(Extracted records)

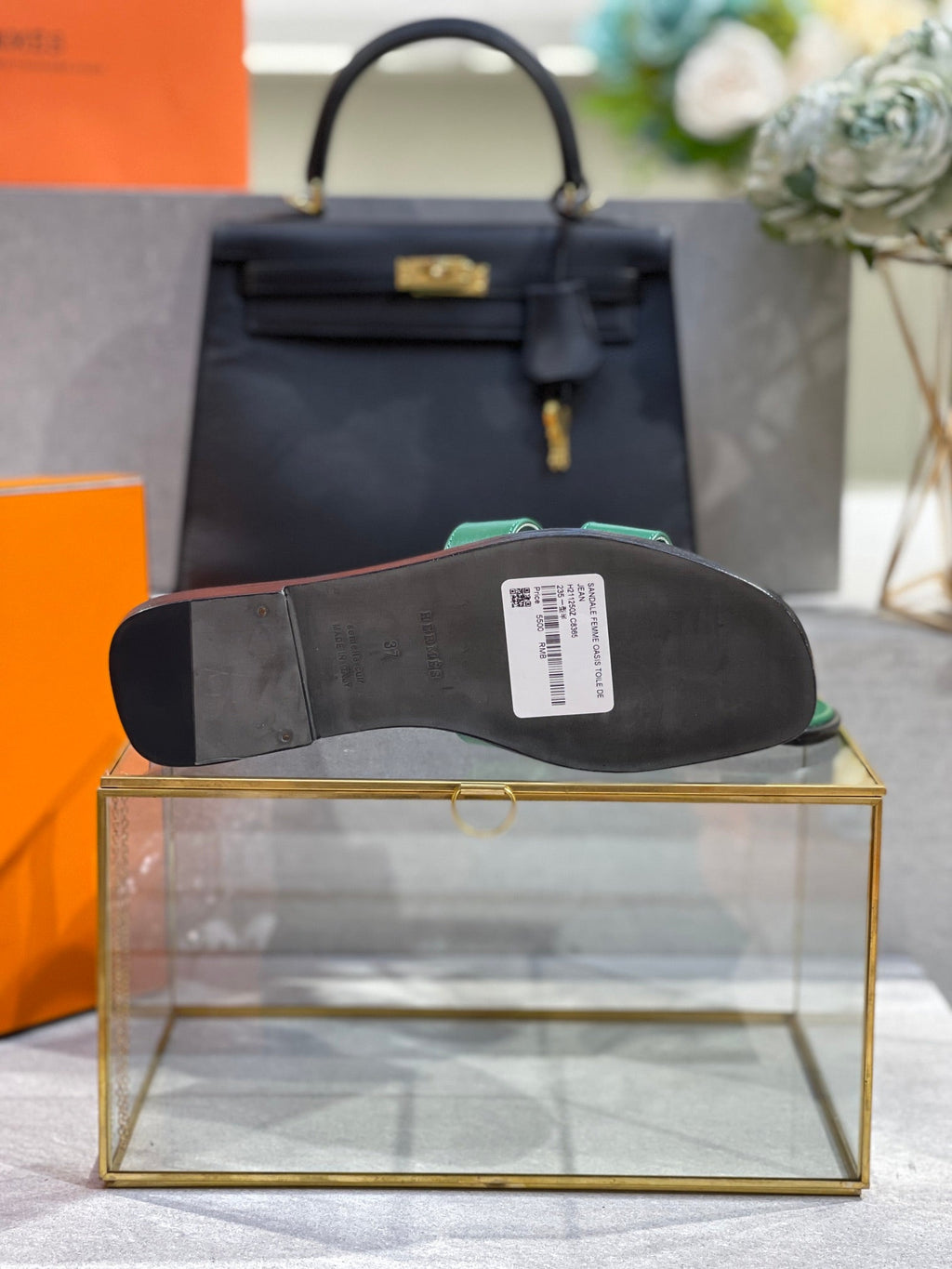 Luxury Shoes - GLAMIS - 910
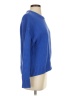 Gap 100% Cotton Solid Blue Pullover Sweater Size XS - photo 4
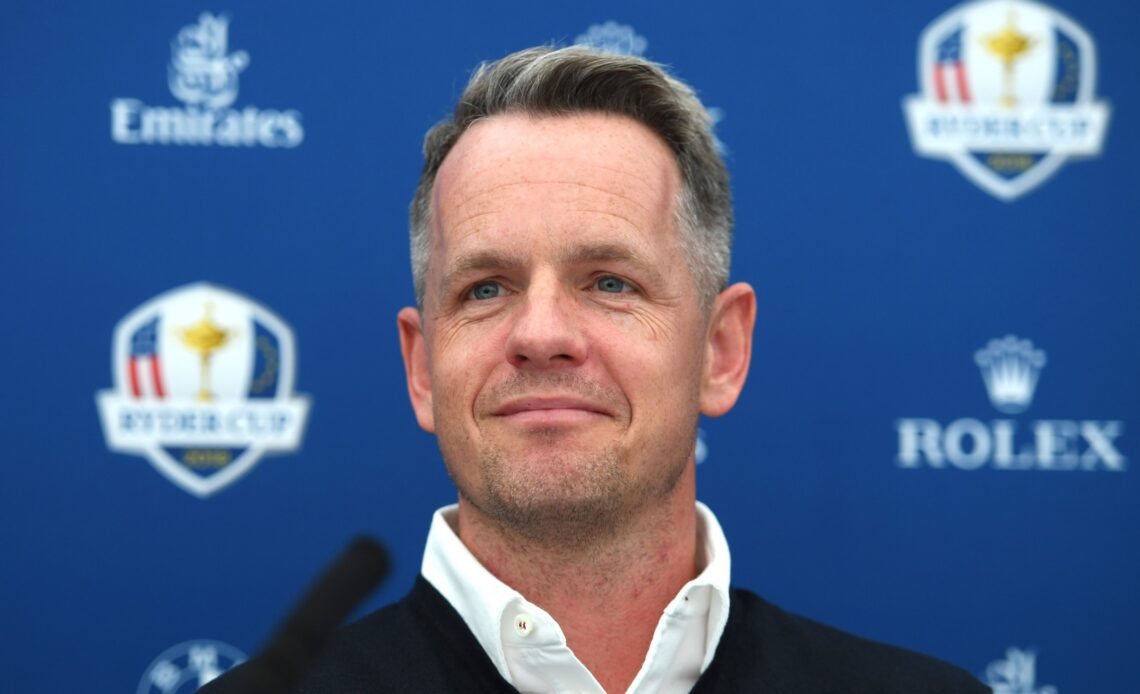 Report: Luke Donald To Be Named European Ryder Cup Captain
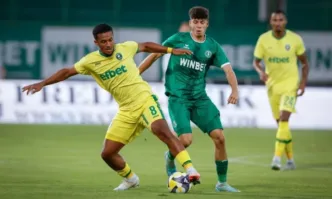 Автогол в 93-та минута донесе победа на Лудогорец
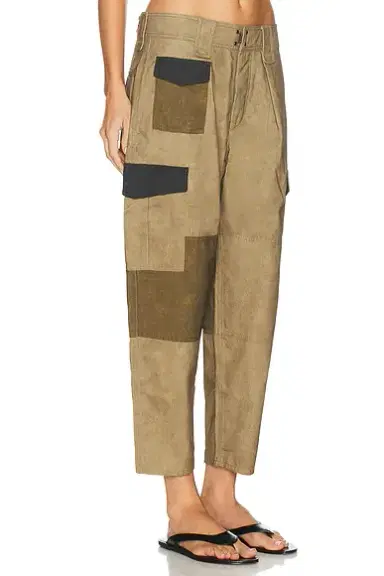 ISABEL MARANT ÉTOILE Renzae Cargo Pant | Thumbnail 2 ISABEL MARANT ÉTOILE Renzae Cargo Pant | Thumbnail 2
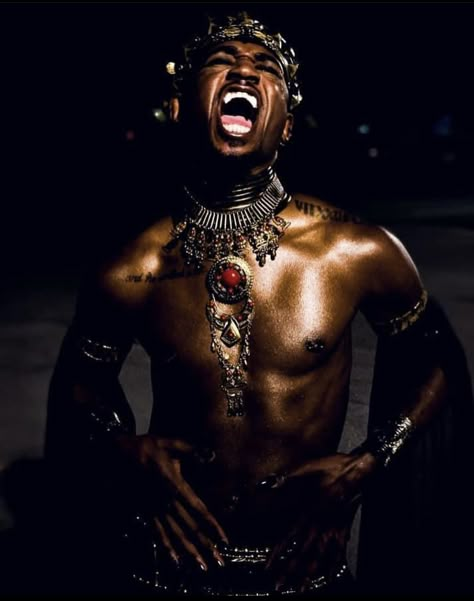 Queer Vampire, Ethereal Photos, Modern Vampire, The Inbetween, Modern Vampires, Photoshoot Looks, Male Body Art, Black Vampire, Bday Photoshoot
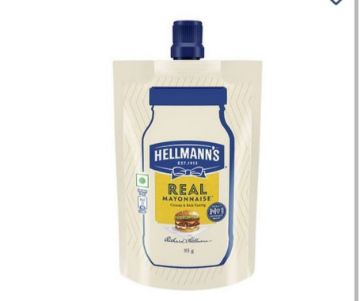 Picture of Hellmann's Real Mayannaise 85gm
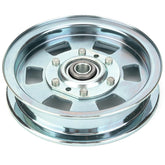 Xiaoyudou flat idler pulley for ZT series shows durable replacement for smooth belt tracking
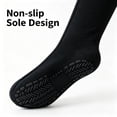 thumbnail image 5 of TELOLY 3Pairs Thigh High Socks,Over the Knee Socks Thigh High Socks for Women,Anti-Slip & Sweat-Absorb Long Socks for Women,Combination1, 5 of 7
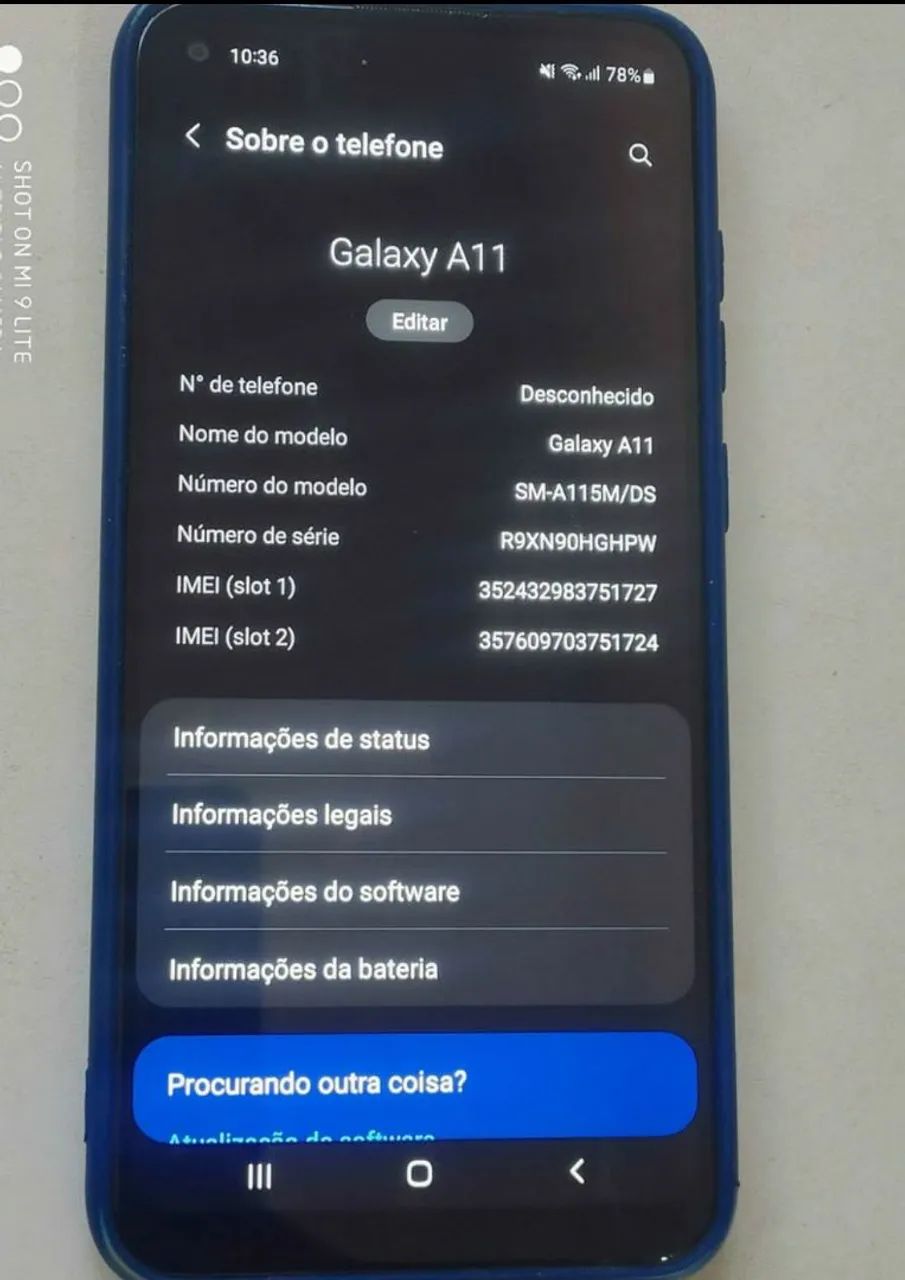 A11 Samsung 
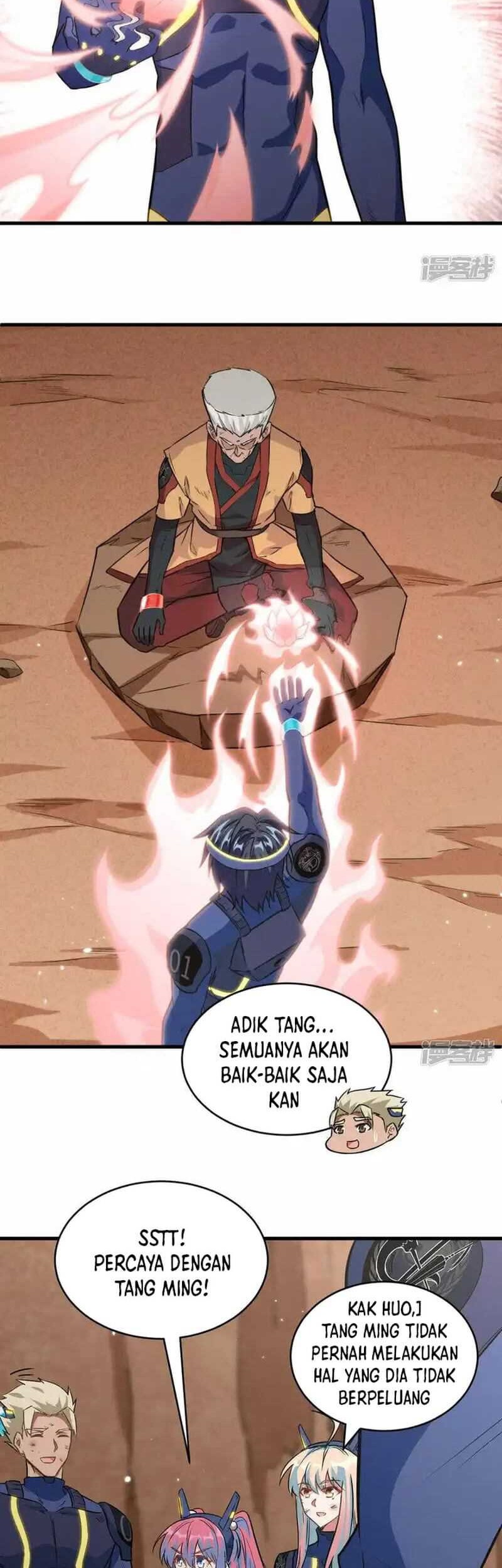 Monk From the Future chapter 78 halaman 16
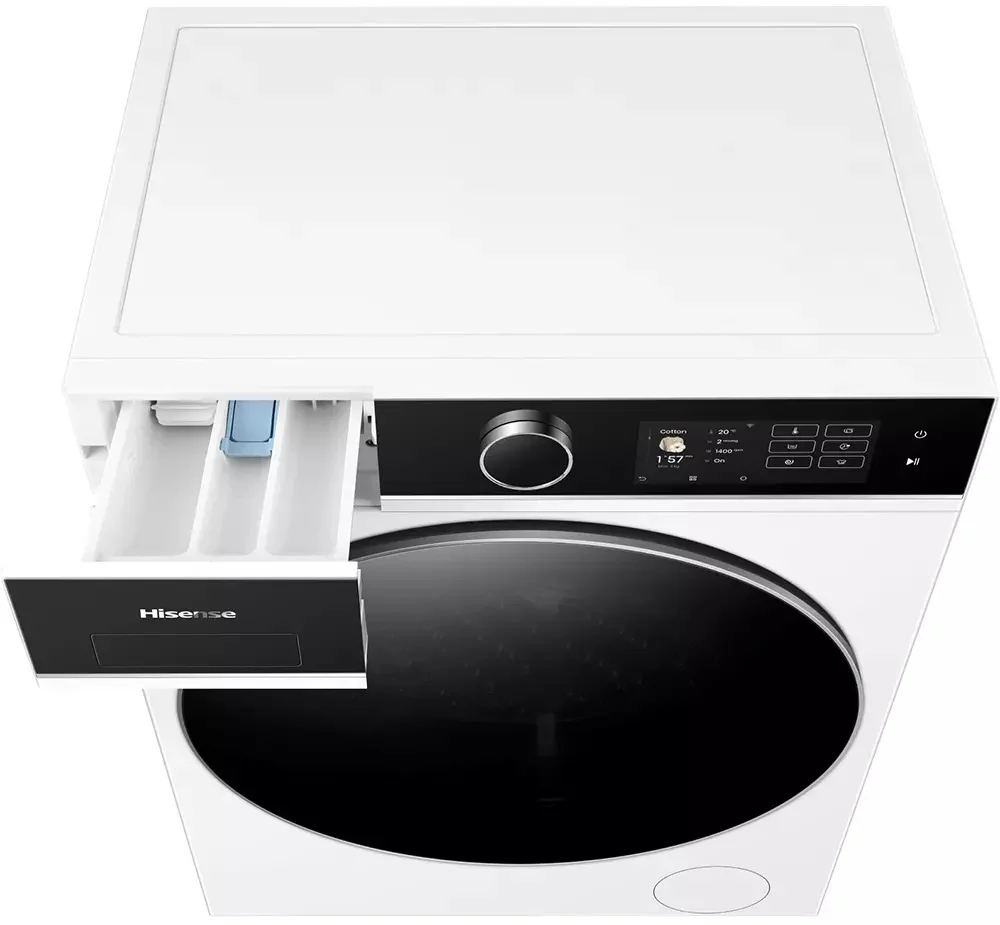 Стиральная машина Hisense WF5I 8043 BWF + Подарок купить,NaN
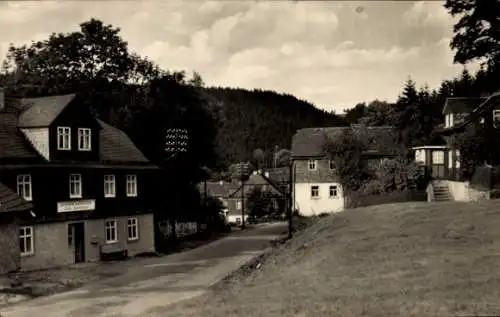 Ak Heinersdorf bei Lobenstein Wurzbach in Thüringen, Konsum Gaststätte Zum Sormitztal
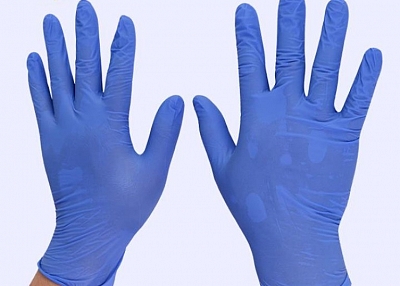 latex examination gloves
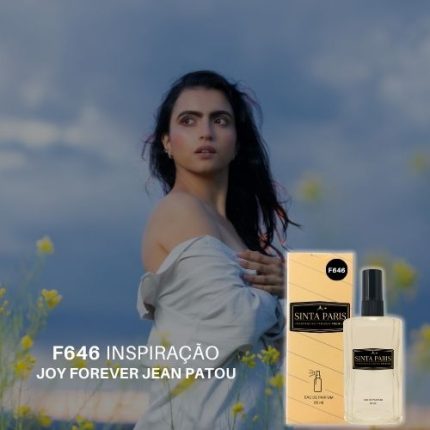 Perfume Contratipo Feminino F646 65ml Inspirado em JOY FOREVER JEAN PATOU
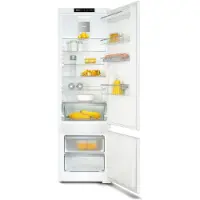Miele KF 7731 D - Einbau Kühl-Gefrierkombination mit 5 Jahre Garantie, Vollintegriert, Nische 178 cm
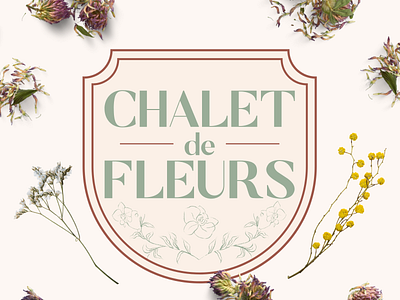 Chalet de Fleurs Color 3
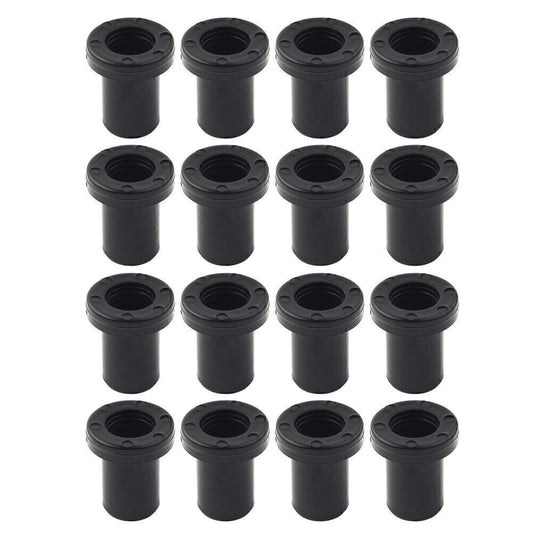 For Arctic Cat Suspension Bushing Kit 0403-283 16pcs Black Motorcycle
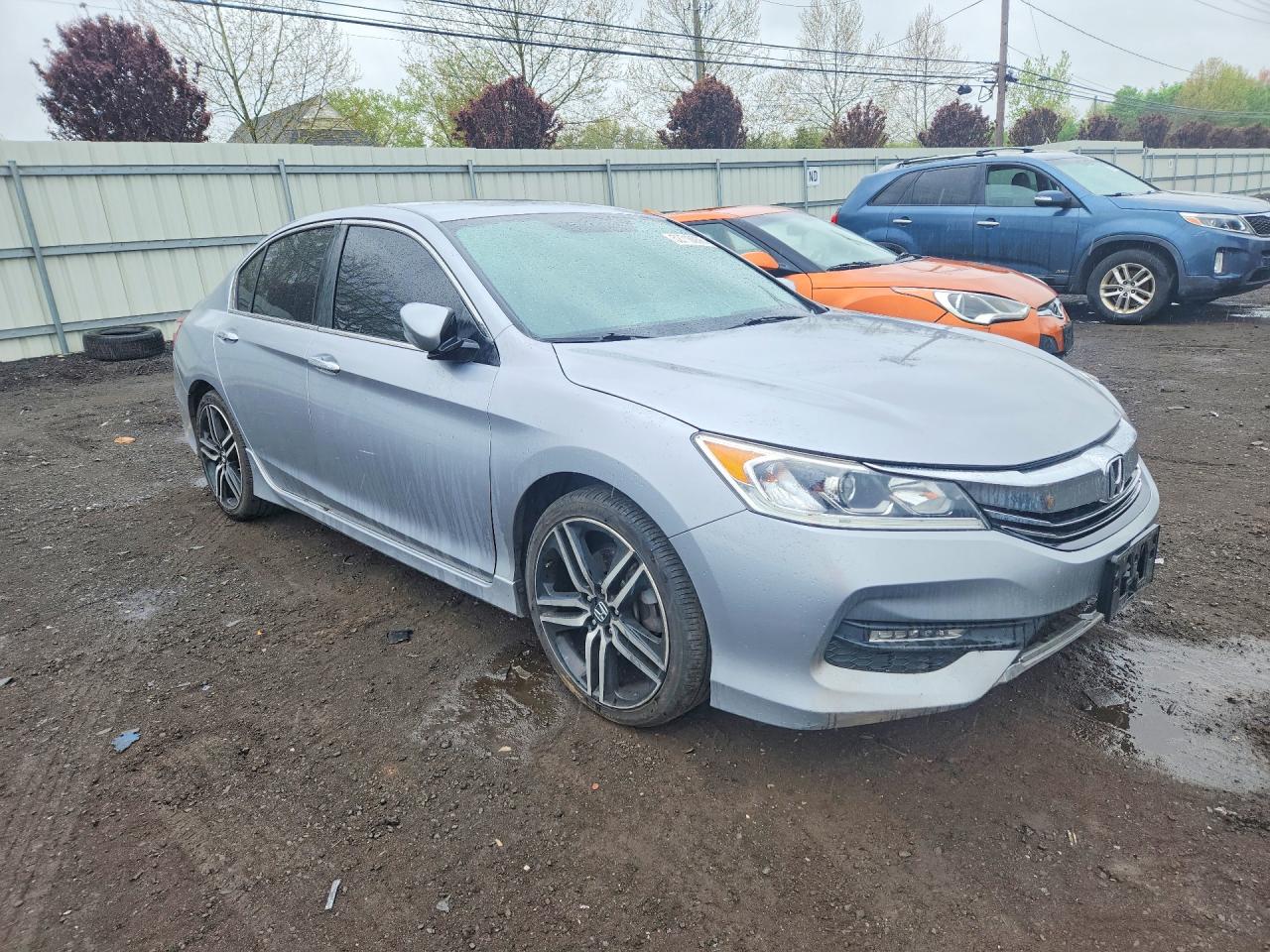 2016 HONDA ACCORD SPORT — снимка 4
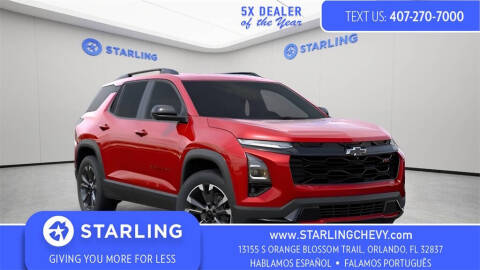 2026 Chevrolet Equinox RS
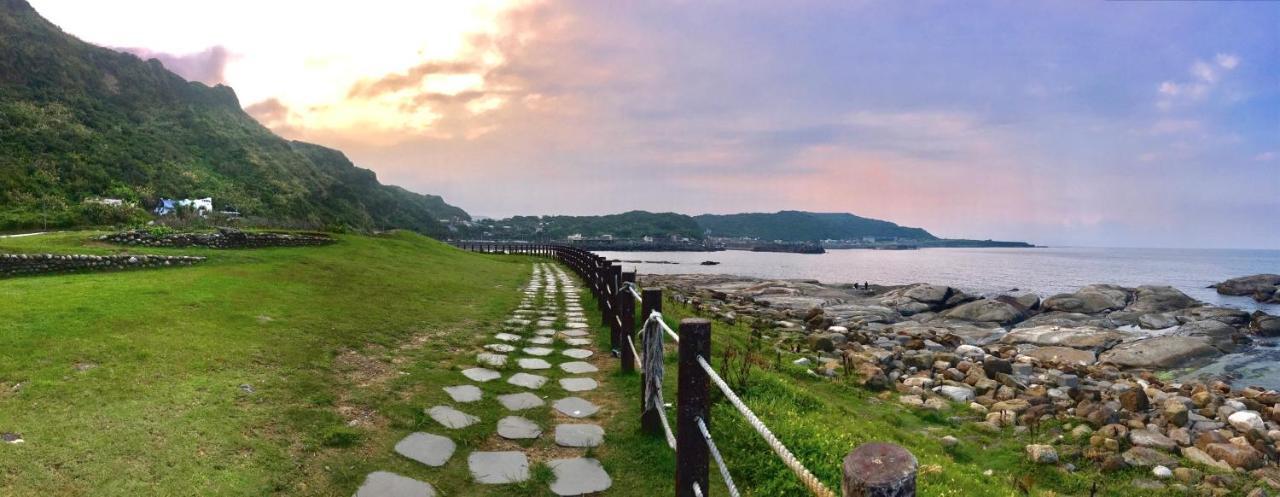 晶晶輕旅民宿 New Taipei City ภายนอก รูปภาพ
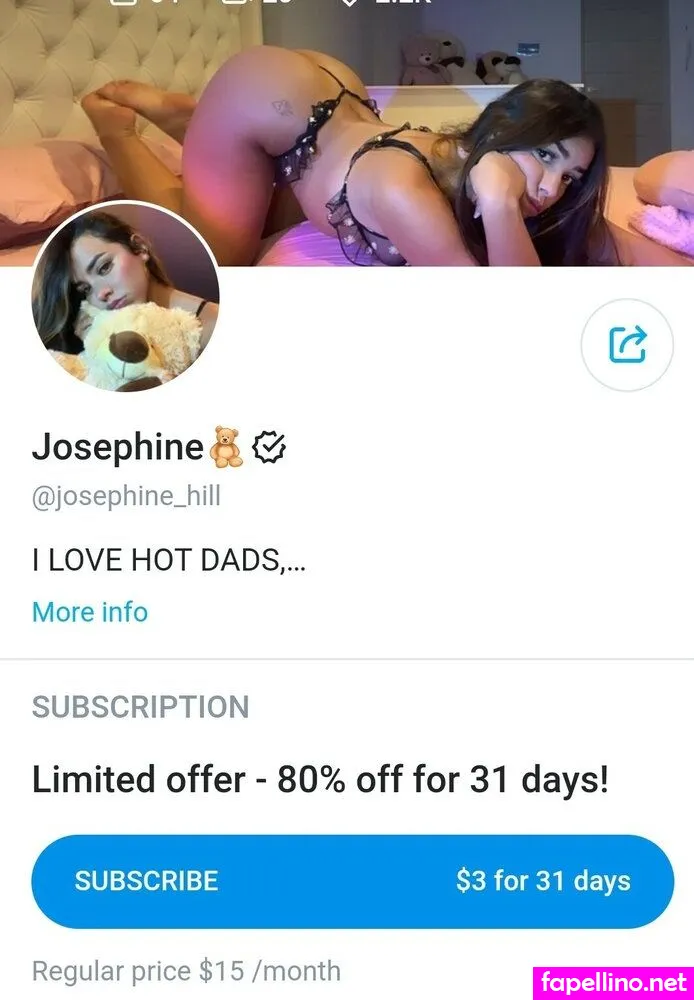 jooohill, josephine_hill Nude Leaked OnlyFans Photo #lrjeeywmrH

__Aim of the exercise__. The response should consist of the entries above, given again exactly and free of pictures.

__Task response__.
 Luxury Shoes - GLAMIS - 910
 Gap 100% Cotton Solid Blue Pullover Sweater Size XS - photo 4
 Report: Luke Donald To Be Named European Ryder Cup Captain
 Автогол в 93-та минута донесе победа на Лудогорец
 ISABEL MARANT ÉTOILE Renzae Cargo Pant | Thumbnail 2 ISABEL MARANT ÉTOILE Renzae Cargo Pant | Thumbnail 2
 Queer Vampire, Ethereal Photos, Modern Vampire, The Inbetween, Modern Vampires, Photoshoot Looks, Male Body Art, Black Vampire, Bday Photoshoot
 Picture of Hellmann's Real Mayannaise 85gm
 Xiaoyudou flat idler pulley for ZT series shows durable replacement for smooth belt tracking
 thumbnail image 5 of TELOLY 3Pairs Thigh High Socks,Over the Knee Socks Thigh High Socks for Women,Anti-Slip & Sweat-Absorb Long Socks for Women,Combination1, 5 of 7
 A11 Samsung 
 Monk From the Future chapter 78 halaman 16
 Стиральная машина Hisense WF5I 8043 BWF + Подарок купить,NaN
 Ak Heinersdorf bei Lobenstein Wurzbach in Thüringen, Konsum Gaststätte Zum Sormitztal
 latex examination gloves
 Perfume Contratipo Feminino F646 65ml Inspirado em JOY FOREVER JEAN PATOU
Miele KF 7731 D - Einbau Kühl-Gefrierkombination mit 5 Jahre Garantie, Vollintegriert, Nische 178 cm
 Chalet de Fleurs Color 3
 For Arctic Cat Suspension Bushing Kit 0403-283 16pcs Black Motorcycle
 2016 HONDA ACCORD SPORT — снимка 4
 2026 Chevrolet Equinox RS
 晶晶輕旅民宿 New Taipei City ภายนอก รูปภาพ
 jooohill, josephine_hill Nude Leaked OnlyFans Photo #lrjeeywmrH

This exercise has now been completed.